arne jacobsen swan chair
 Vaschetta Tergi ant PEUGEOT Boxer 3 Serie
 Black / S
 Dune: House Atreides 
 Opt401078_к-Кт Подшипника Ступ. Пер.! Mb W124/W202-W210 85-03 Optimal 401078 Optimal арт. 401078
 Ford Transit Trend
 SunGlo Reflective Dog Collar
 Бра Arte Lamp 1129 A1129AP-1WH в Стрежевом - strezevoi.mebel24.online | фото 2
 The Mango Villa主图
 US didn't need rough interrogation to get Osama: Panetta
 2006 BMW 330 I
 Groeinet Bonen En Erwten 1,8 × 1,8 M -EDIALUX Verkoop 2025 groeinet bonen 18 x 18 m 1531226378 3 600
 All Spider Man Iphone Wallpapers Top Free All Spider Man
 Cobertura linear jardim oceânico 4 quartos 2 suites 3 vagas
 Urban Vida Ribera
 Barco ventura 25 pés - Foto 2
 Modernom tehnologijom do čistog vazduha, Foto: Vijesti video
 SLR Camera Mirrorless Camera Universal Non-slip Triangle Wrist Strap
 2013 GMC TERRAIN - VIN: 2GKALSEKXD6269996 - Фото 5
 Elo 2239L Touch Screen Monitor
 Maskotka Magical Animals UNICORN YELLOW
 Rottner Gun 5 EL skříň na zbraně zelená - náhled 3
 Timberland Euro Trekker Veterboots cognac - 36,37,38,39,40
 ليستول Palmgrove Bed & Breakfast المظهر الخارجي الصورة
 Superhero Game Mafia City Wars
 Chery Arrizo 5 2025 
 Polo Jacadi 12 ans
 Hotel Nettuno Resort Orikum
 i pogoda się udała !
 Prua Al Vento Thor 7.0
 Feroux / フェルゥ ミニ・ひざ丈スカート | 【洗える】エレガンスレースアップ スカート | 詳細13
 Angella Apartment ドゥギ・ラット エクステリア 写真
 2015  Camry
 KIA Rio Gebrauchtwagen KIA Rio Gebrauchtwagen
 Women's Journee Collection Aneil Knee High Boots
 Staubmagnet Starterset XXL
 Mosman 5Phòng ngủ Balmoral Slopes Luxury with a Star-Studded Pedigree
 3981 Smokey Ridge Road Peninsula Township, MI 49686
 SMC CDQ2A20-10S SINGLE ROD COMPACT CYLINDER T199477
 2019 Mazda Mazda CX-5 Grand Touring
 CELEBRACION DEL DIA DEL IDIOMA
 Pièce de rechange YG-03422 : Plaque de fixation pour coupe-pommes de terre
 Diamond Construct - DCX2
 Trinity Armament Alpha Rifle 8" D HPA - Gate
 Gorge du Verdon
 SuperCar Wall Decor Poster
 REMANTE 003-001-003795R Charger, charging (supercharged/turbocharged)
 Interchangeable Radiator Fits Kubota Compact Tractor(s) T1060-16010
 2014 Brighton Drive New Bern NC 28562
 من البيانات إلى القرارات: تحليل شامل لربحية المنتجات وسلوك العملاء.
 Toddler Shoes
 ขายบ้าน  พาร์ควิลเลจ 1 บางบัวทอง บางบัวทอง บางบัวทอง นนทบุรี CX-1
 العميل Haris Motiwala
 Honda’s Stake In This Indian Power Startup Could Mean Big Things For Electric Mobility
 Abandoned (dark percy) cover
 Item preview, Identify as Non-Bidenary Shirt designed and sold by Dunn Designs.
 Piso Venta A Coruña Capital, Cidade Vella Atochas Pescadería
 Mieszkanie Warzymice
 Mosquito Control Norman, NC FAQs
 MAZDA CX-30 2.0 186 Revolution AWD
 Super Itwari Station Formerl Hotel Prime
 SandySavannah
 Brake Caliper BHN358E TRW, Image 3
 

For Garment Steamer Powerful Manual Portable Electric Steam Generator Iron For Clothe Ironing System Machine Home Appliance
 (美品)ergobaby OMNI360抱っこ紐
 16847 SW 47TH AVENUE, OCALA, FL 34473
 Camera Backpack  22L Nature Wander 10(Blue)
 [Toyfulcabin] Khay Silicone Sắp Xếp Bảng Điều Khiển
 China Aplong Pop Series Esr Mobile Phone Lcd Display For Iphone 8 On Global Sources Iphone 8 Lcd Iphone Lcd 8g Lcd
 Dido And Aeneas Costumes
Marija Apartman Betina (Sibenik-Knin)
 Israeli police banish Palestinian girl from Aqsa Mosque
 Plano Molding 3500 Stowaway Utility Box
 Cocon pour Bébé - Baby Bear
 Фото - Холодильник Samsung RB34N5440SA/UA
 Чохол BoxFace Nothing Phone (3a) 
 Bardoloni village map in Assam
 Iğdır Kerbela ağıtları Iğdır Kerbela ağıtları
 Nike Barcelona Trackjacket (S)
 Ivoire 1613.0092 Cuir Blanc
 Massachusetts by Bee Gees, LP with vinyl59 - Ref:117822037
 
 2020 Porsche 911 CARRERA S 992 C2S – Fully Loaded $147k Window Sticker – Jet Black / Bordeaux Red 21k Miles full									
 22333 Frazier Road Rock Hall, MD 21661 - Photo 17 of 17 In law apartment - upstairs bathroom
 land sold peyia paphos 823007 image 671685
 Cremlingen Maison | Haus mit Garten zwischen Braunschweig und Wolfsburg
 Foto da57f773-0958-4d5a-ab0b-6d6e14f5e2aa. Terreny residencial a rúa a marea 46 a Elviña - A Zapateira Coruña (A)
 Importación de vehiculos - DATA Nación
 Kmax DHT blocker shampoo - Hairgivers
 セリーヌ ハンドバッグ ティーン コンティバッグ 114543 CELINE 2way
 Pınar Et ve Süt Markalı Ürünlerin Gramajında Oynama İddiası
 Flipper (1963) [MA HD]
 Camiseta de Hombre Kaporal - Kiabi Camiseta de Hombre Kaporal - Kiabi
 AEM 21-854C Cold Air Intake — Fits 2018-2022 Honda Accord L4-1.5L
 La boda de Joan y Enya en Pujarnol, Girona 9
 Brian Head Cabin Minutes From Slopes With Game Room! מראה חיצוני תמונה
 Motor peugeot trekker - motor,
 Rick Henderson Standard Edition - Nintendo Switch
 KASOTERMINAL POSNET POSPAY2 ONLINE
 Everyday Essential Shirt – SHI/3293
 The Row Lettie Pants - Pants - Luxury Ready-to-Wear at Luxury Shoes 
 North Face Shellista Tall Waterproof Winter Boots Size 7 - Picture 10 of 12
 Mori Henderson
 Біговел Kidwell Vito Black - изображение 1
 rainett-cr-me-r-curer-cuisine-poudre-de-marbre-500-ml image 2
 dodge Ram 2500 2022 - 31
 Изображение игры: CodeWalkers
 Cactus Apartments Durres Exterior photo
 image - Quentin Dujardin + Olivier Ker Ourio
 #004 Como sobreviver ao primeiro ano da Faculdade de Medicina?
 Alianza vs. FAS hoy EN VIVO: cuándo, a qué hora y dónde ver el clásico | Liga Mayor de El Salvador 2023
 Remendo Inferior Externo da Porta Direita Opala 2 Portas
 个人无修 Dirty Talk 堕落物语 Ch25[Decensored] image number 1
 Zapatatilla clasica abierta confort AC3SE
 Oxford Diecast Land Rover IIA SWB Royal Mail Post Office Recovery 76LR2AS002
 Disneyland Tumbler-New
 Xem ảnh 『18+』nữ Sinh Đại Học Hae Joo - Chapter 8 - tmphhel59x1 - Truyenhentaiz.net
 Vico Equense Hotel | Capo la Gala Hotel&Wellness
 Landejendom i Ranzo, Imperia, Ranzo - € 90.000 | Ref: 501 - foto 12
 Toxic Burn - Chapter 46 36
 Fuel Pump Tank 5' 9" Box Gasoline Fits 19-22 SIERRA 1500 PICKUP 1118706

• **WHAT IS NEEDED**
Where a line above holds the string "Shirt", copy that line.

• **ANSWER TO THE EXERCISE**
 Item preview, Identify as Non-Bidenary Shirt designed and sold by Dunn Designs.
 Everyday Essential Shirt – SHI/3293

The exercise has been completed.